▶ _WHAT THE EXERCISE ASKS_:
Could you transcribe each record below exactly as written, setting the pictures aside?

▶ _INPUT DATA_:
▬▬▬▬▬▬

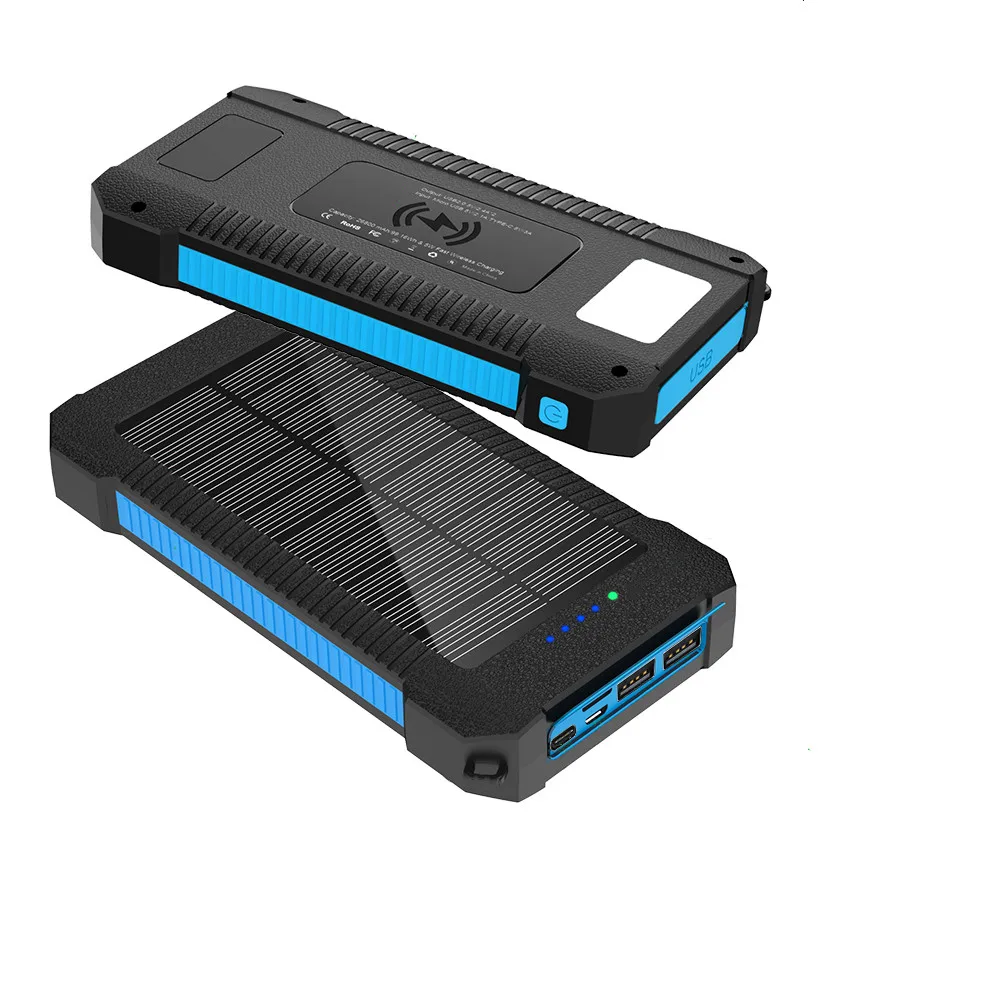 

20000Mah Portable LED Flashlight 2 USB Output Input Port Solar Charger Power Bank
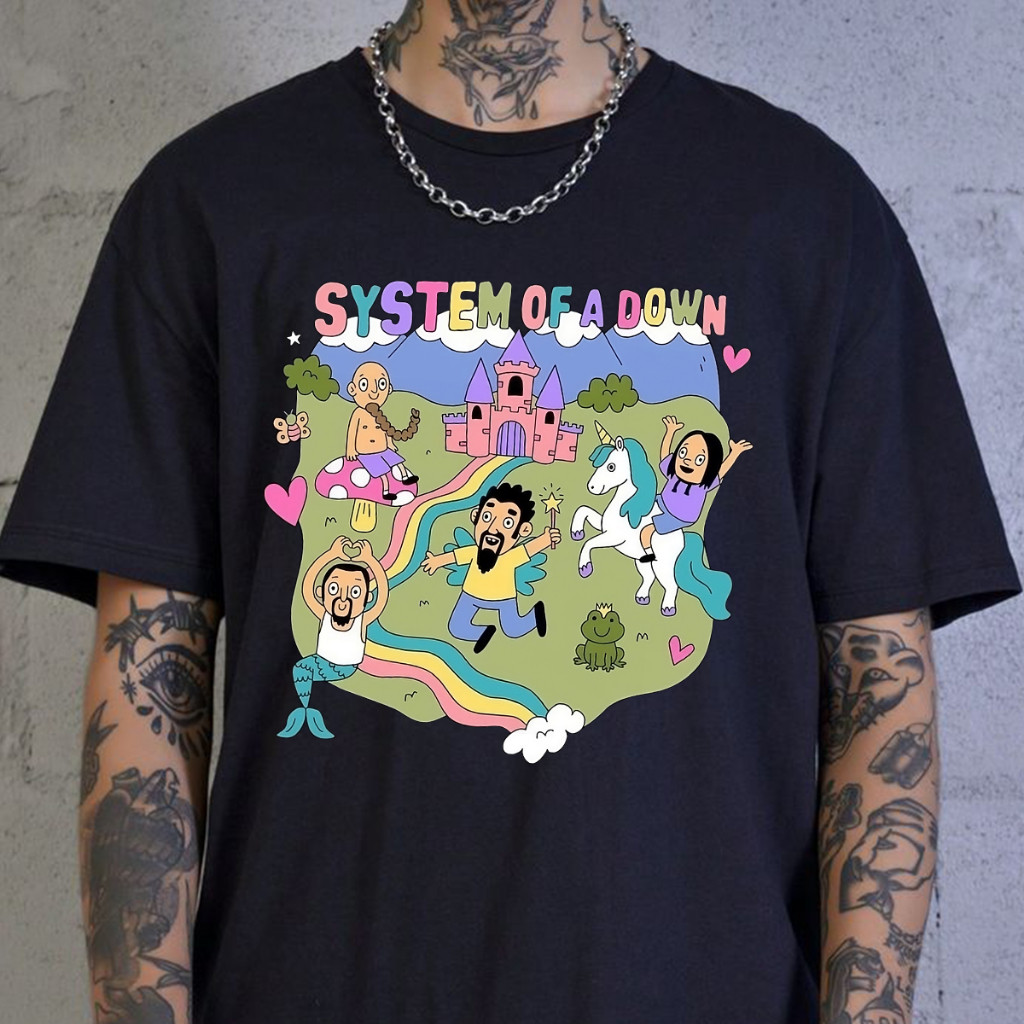 Camisa Camiseta System Of A Down Fofo Banda de Rock Unissex 100% Algodão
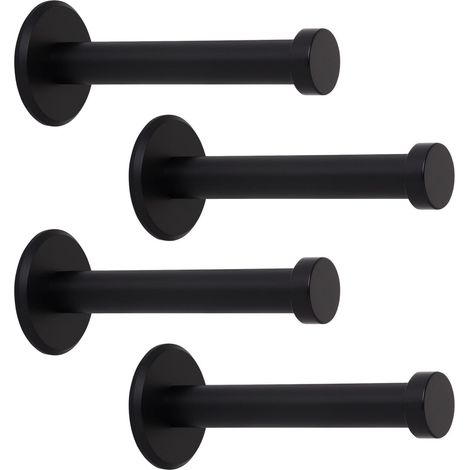 SOTECH Garderobenhaken TALEA (Ø 10 / 15 mm) Edelstahl massiv inkl. Befestigungsmaterial, schwarz eloxiert (Länge 70 mm, Gesamtlänge 73 mm), 4 x Wandhaken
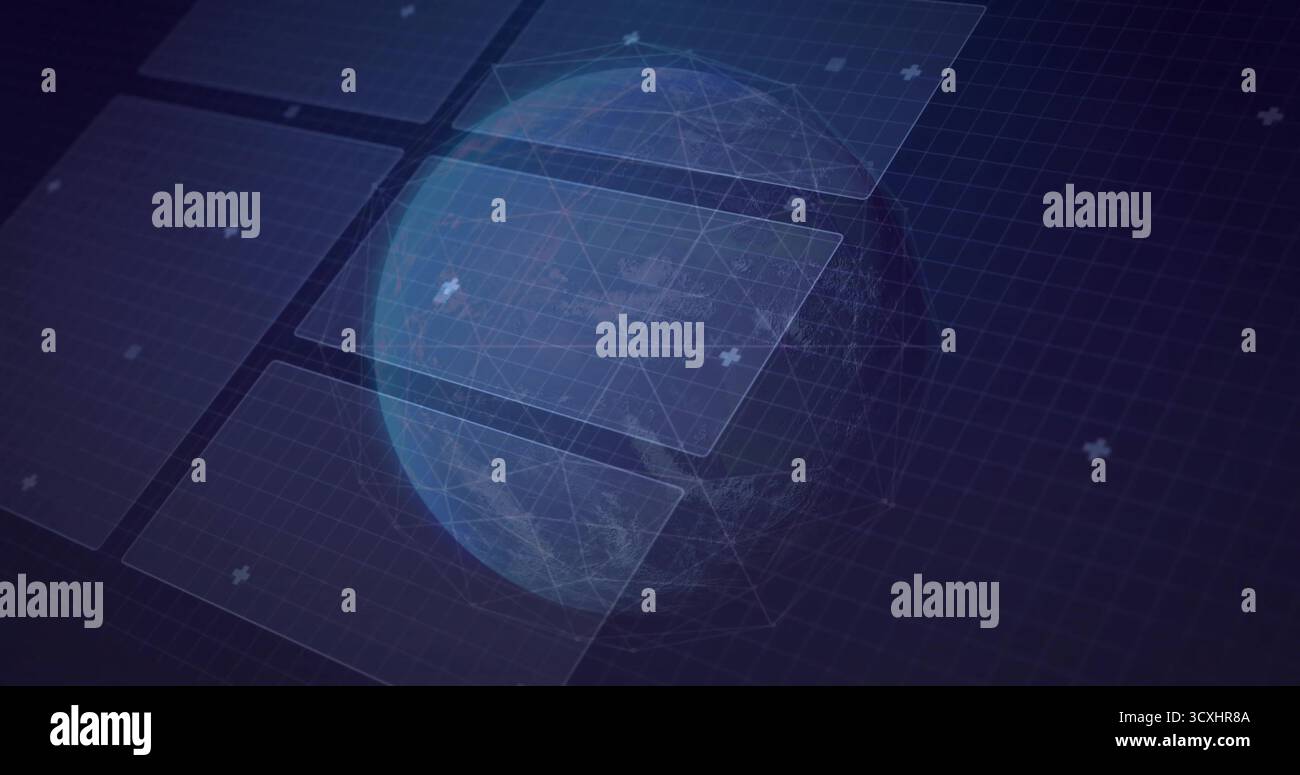 Displaying wireframe globe floating over virtual data interface grid, featuring panels and markers Stock Photo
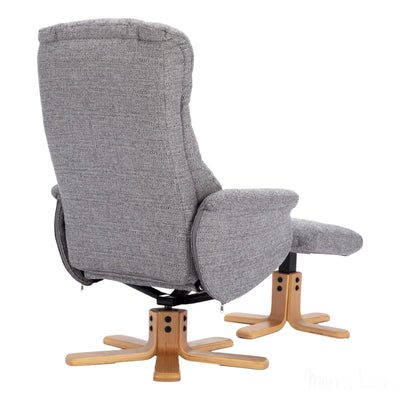 The Cairo - Lisbon Rock Grey/Beige Fabric - Swivel Recliner Chair & Matching Footstool Morris Living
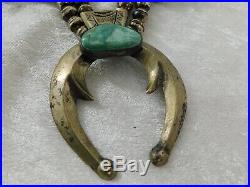 VTG PAWN Navajo Sterling Silver Turquoise Squash Blossom Bench Bead Necklace 26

▬▬▬▬▬▬

▶ _TASK ANSWER_:
20000Mah Portable LED Flashlight 2 USB Output Input Port Solar Charger Power Bank
 Camisa Camiseta System Of A Down Fofo Banda de Rock Unissex 100% Algodão
 SOTECH Garderobenhaken TALEA (Ø 10 / 15 mm) Edelstahl massiv inkl. Befestigungsmaterial, schwarz eloxiert (Länge 70 mm, Gesamtlänge 73 mm), 4 x Wandhaken
 Displaying wireframe globe floating over virtual data interface grid, featuring panels and markers Stock Photo
 The Cairo - Lisbon Rock Grey/Beige Fabric - Swivel Recliner Chair & Matching Footstool Morris Living
 VTG PAWN Navajo Sterling Silver Turquoise Squash Blossom Bench Bead Necklace 26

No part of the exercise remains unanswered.